• [GIVEN RECORDS]:
╔══

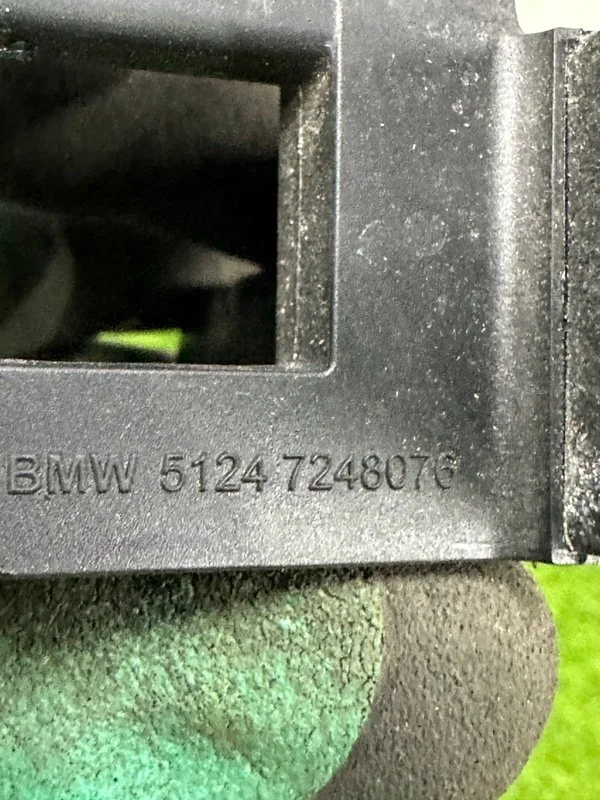 Скоба замка багажника BMW 1-series F20 N13B16A - миниатюра 6
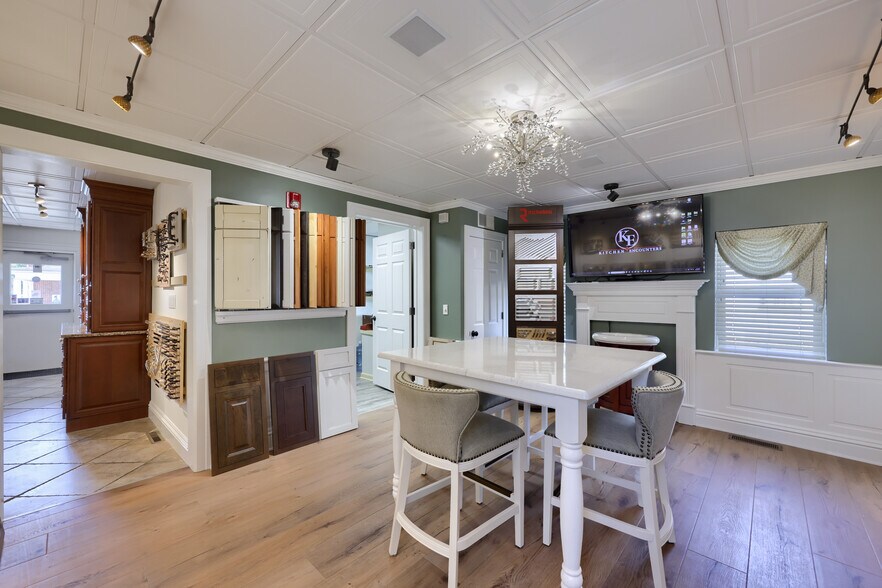 More Photos Of 2603 Lititz Pike, Lancaster General Retail For Sale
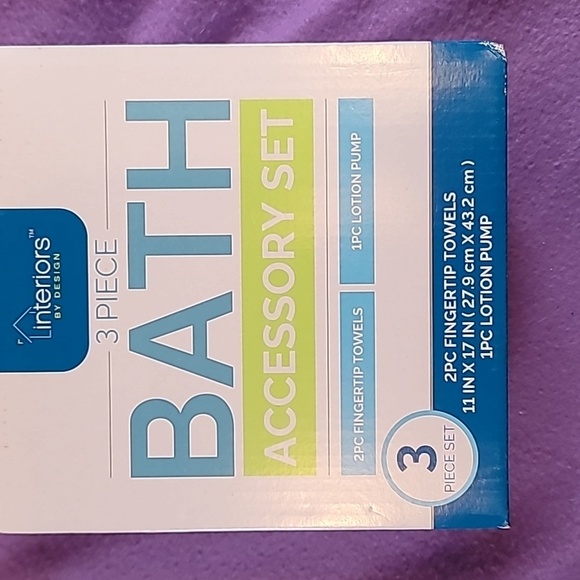 0721. 100% Cotton ~ 2 Fingertip Towels & A Beautiful Soap Dispenser - Picture 5 of 5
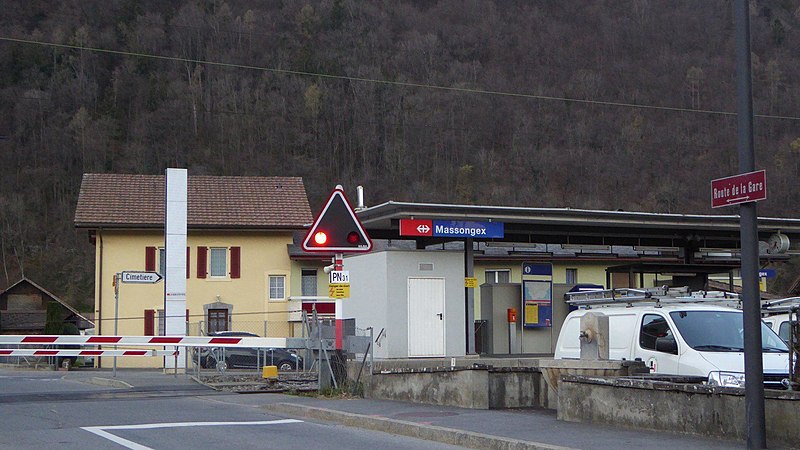 File:Massongex railway station.jpg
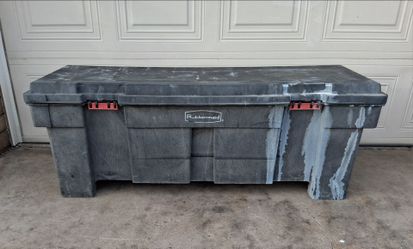 Large Rubbermaid Storage Container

╚══

• [TASK TO CARRY OUT]: Here the requirement is to restate exactly the line holding "File:Massongex railway station.jpg" and every later line through the end of the material, omitting pictures.

• [RESPONSE AREA]:
 File:Massongex railway station.jpg
 Large Rubbermaid Storage Container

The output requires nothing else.